因为下雪的关系,那里盖上了帐篷,所有受了重伤的士兵都在里面。
但因为军医不足的关系,所以很多士兵皆是草草的包扎了一下,就被搁置在了一边,任他们独自休息。
陆庆远远的看见一人从那个最大的帐篷里出来,手里端着满满的一盆血水,不由心惊胆颤的跑了过去,与那士兵擦身而过。
“将军……”陆庆急冲冲的跑到了陆寒宇的身边,看着断了一只手臂的陆寒宇被人搀扶着艰难的从床上坐了起来,有点急迫的看着他。
“将军你可无恙?”陆庆关切的问道,眉目之间尽是忧虑之色。
而陆寒宇却用仅剩的左手扯住了陆庆的战袍,紧张的问及外面的战况。
为了稳定陆寒宇的伤势,军医们皆不敢向其透露外面的战况,故而陆寒宇自受伤之后,便再也不知他情。陆寒宇也知道如此为之是为了救治他,但从陆邵峰将命令下达那日,他已无侥幸之念,便连遗书也已写好,让人在战后送回祖宅。
所以,打一开始,他便未存有侥幸的心,若是战死,便是为国效力,此生已无憾事,若是有幸存活下来,战败之罪,他定要待元帅承担下,断然不能让元帅因此事而身败名裂,再也不能上场做阵,驰骋于沙场之上。
这不仅是对朝凰百姓的交代,更是对自己的一个交代。即使他明明知道元帅陆邵峰一早开始就打着弃车保帅的打算,但他依旧义无反顾的接下了这个命令,并且要牺牲自己的性命去完成它。

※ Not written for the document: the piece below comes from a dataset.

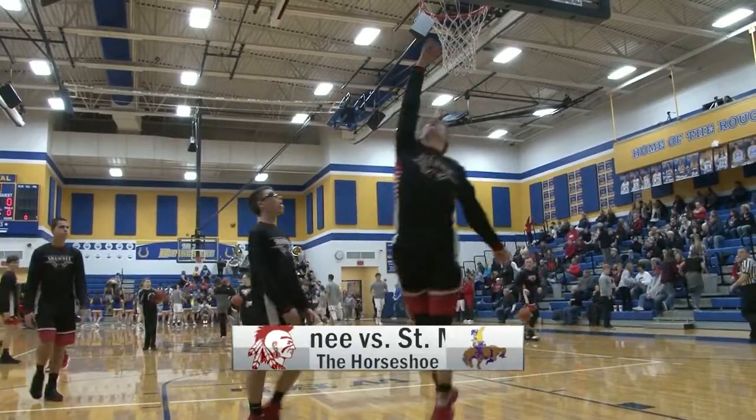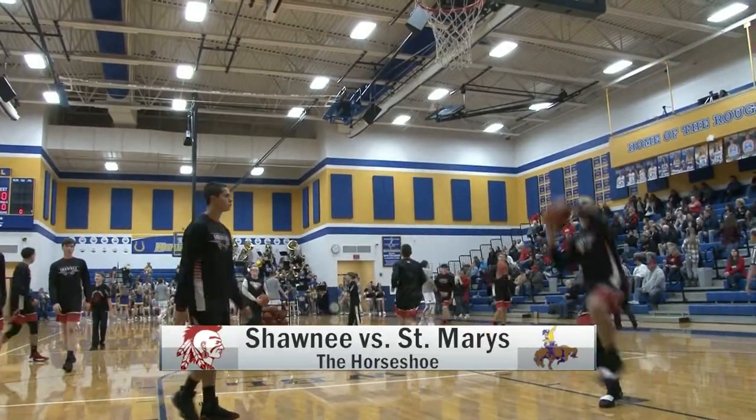Next up, St. Mary's and Shawnee — here's them warming up at the Horseshoe.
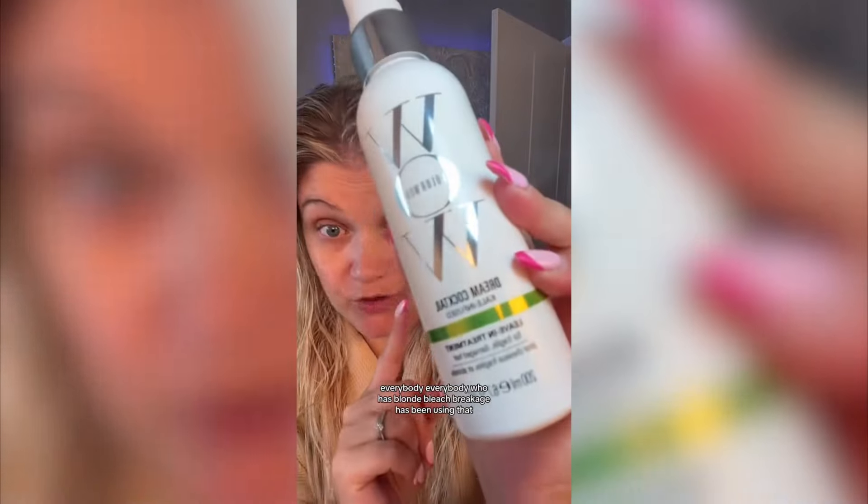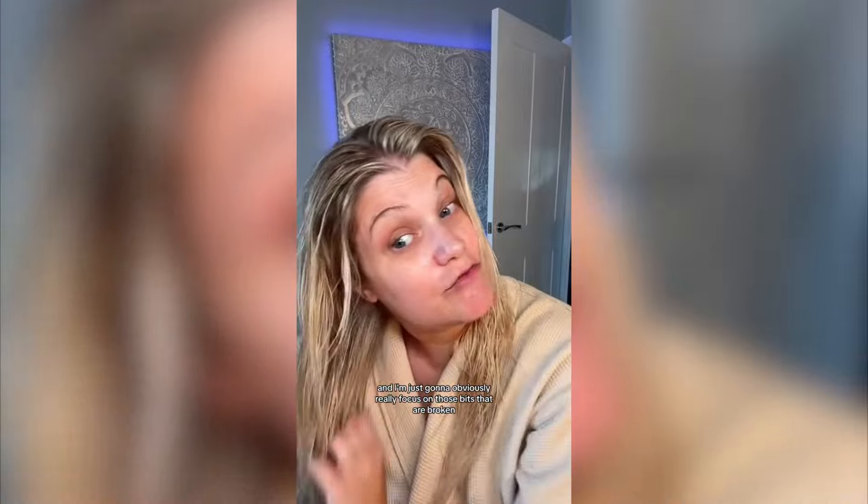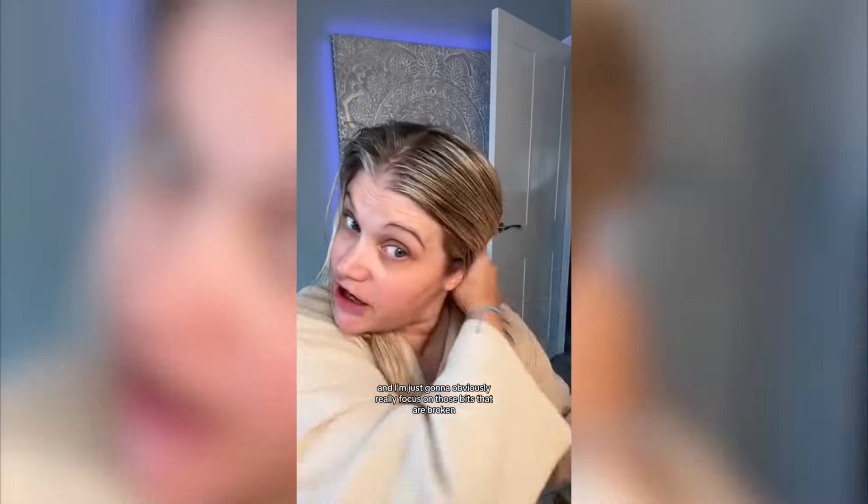Everyone who has blonde bleach breakage has been using this product. So if it's in stock, pick yourself some up. Apply it liberally and really focus on those bits that are broken.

陆庆听闻陆寒宇如此问,不由得犹豫了片刻,才低声回道:“将军切莫担心,末将定会将敌人击退,誓死……保护蒲州城!”
陆庆特地在誓死两字上加重了声调,与陆寒宇静静的对视着,在彼此的眼神之中交换着信息。
弃城二字,叫他们如何说出口?
元帅陆邵峰战神之名,其可因此此而毁之?或许这一些陆邵峰都不会在意,但是他们却不能不在意。
他们崇敬了一辈子的人,不能因为这一次的退让,而致使英明尽失。
旁边的军医见陆庆如此说,也附和着点头道:“将军,有陆庆陆将军在,蒲州城定安然无事。将军暂且放下心来,安心养伤吧。”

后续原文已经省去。